157
O FILHO EGOÍSTA
Mas, respondendo
ele, disse ao pai: Eis que te sirvo, há tantos anos, sem jamais transgredir um mandamento
teu, e nunca me deste um cabrito para alegrar-me com os meus amigos.
(LUCAS, 15:29).
A parábola não apresenta somente o
filho pródigo. Mais aguçada atenção e encontraremos o filho egoísta.
O ensinamento velado do Mestre
demonstra dois extremos da ingratidão filial. Um reside no esbanjamento; o
outro, na avareza. São as duas extremidades que fecham o círculo da
incompreensão humana.
De maneira geral, os crentes apenas
enxergaram o filho que abandonou o lar paterno, a fim de viver nas estroinices
do escândalo, tornando-se credor de todas as punições; e raros aprendizes
conseguiram fixar o pensamento na conduta condenável do irmão que permanecia sob
o teto familiar, não menos passível de repreensão.
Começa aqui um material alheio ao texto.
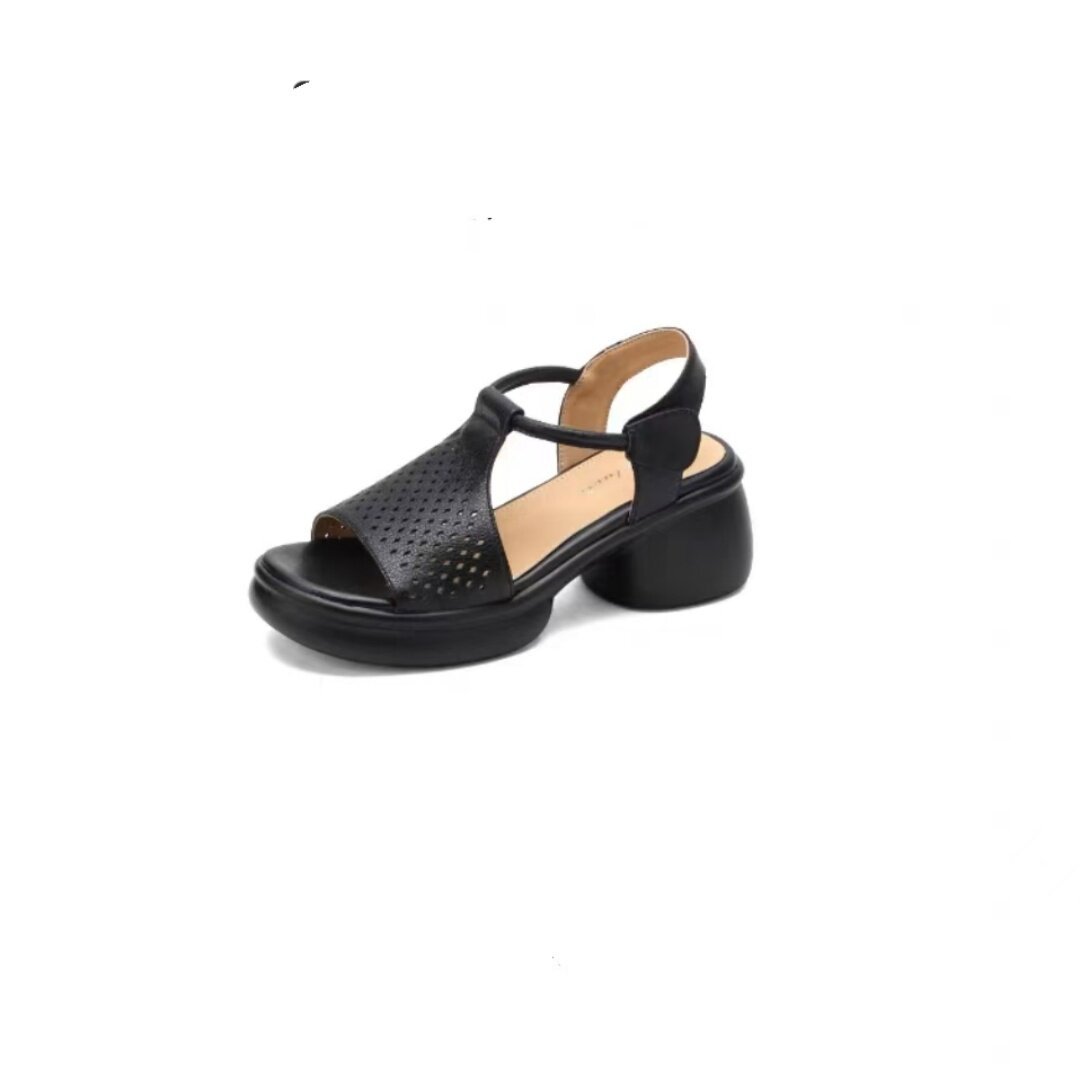 Sandal nữ da thật mũi hở gót vuông đế dày tăng chiều cao — màu đen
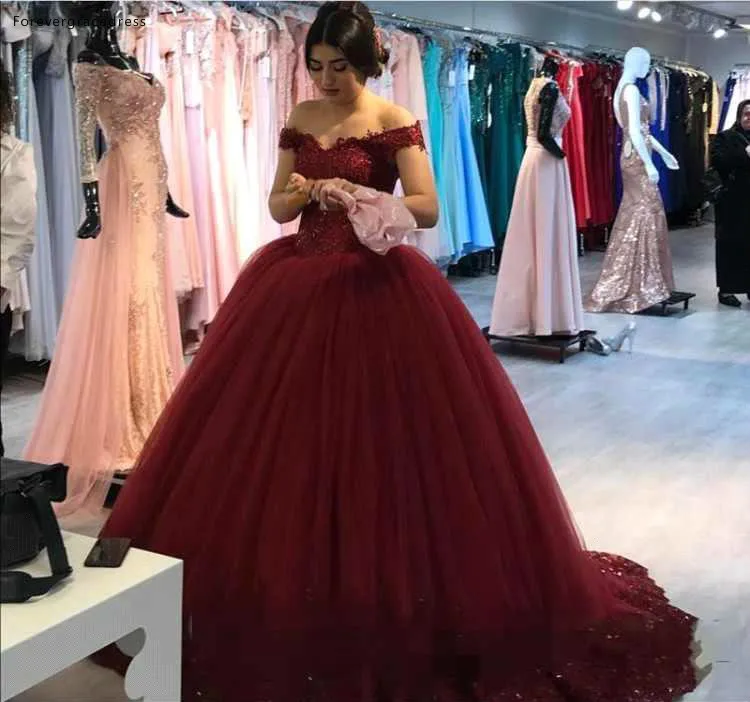Burgundy Off The Shoulder Quinceanera Dresses Ball Gown Capped Sleeves Princess Saudi Cheap Prom Evening Gowns Custom Made BC1649  166 (2)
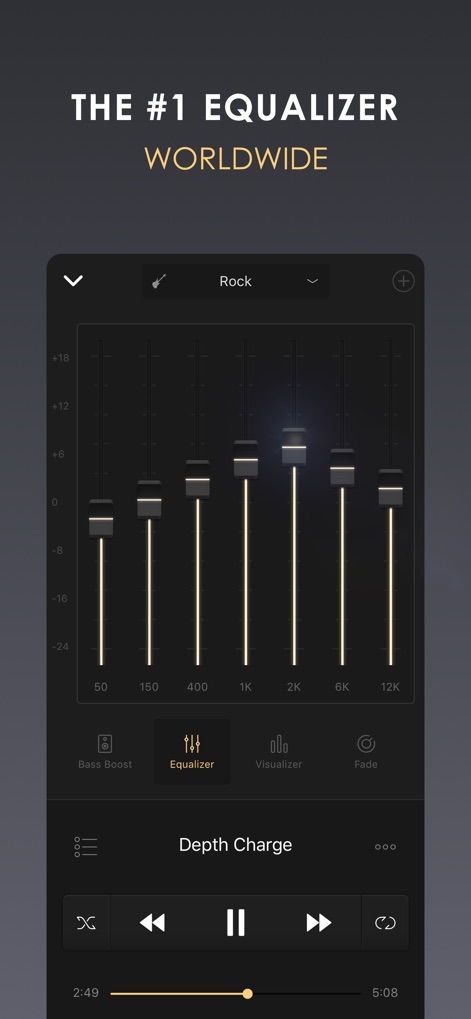 Equalizer+ HD music player - Users can sculpt their sound with a responsive 7-band equalizer, utilizing precise frequency sliders and genre-specific presets like 'Rock' for optimized audio.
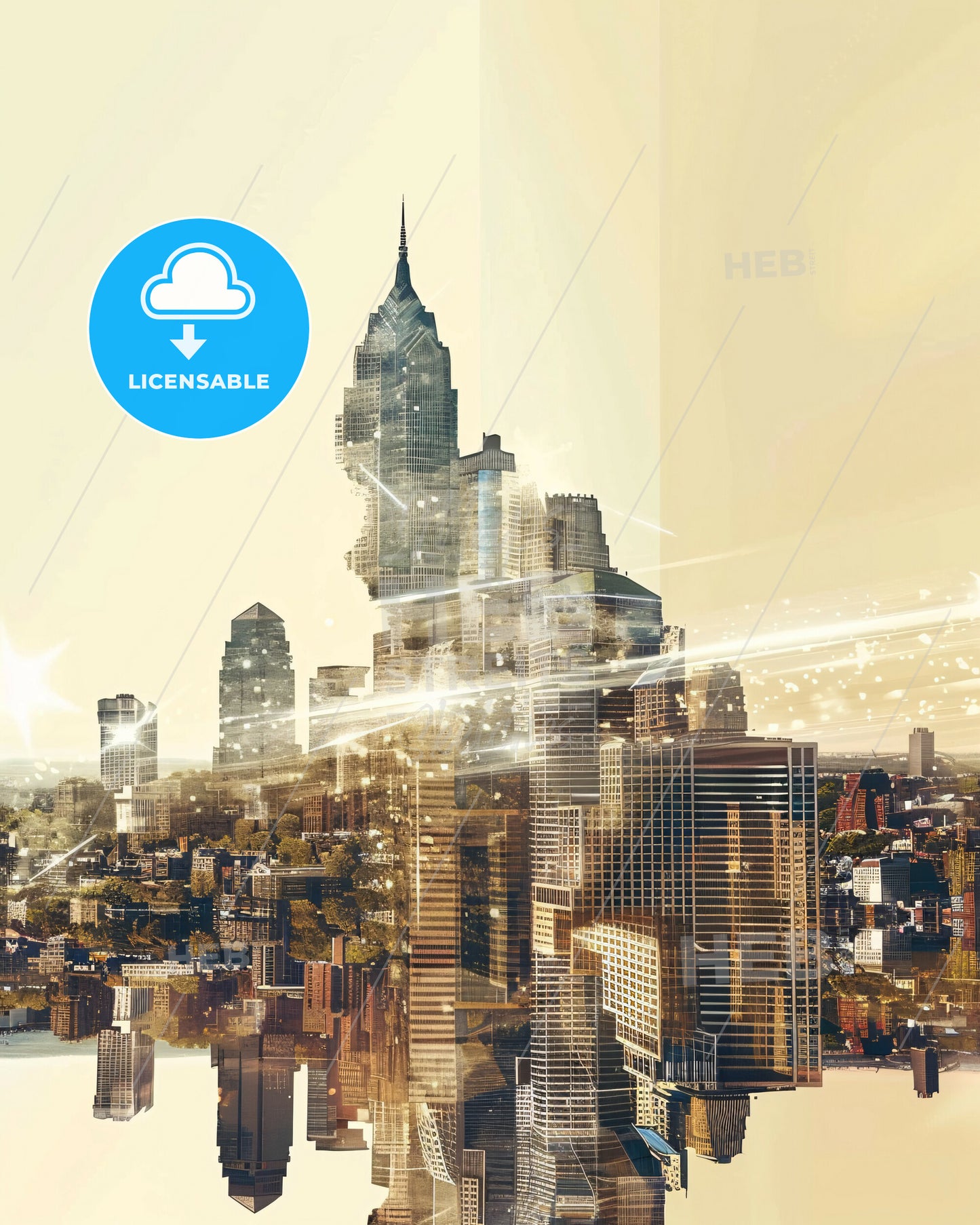 Jersey City Skyline Composite Art Poster - A city with many tall buildings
Observando a generosidade paterna, os
sentimentos inferiores que o animam sobem à tona e ei-lo na demonstração de sovinice.
Contraria-o a vibração de amor
reinante no ambiente doméstico; alega, como autêntico preguiçoso, os anos de
serviço em família; invoca, na posição de crente vaidoso, a suposta observância
da Lei divina e desrespeita o genitor, incapaz de partilhar-lhe o justo
contentamento.
Esse tipo de homem egoísta é muito
vulgar nos quadros da vida. Ante o bem-estar e a alegria dos outros, revolta-se
e sofre, através da secura que o aniquila e do ciúme que o envenena.
Lendo a parábola com atenção,
ignoramos qual dos filhos é o mais infortunado, se o pródigo, se o egoísta, mas
atrevemo-nos a crer na imensa infelicidade do segundo, porque o primeiro já
possuía a bênção do remorso em seu favor.
NOSSA REFLEXÃO
Eis uma situação singular: num mesmo
contexto familiar encontramos dois seres que representam os extremos de atitudes
em relação à riqueza – a prodigalidade e a avareza.
Um, como Emmanuel nos diz, foi
abençoado pelo “[...] remorso em seu favor” e o outro iniciou sua infelicidade
pelo egoísmo que revelou, cobrando sua servidão ao pai e se envenando pelo
ciúme.
O remorso e o arrependimento são duas
atitudes que nos ajustam perante a Lei de Deus. Como Deus é misericordioso,
infinitamente, Ele, conforme nos esclarece o Espírito Lamenais: “O Pai
vos estende os braços e está sempre pronto a festejar o vosso regresso ao seio
da família.”[1]
Isto que o Cristo quis nos ensinar com a Parábola, quando nós nos afastamos das
Leis de Deus.
A riqueza, como a
pobreza, são provas de ascensão para o Espírito.
A. Kardec, discorrendo
sobre a riqueza, e confrontando com a pobreza, nos ilumina:
Sem dúvida, pelos arrastamentos a que dá causa, pelas tentações que gera e pela fascinação que exerce, a riqueza constitui uma prova muito arriscada, mais perigosa do que a miséria. É o supremo excitante do orgulho, do egoísmo e da vida sensual. É o laço mais forte que prende o homem à Terra e lhe desvia do céu os pensamentos. Produz tal vertigem que, muitas vezes, aquele que passa da miséria à riqueza esquece de pronto a sua primeira condição, os que com ele a partilharam, os que o ajudaram, e faz-se insensível, egoísta e vão.[2]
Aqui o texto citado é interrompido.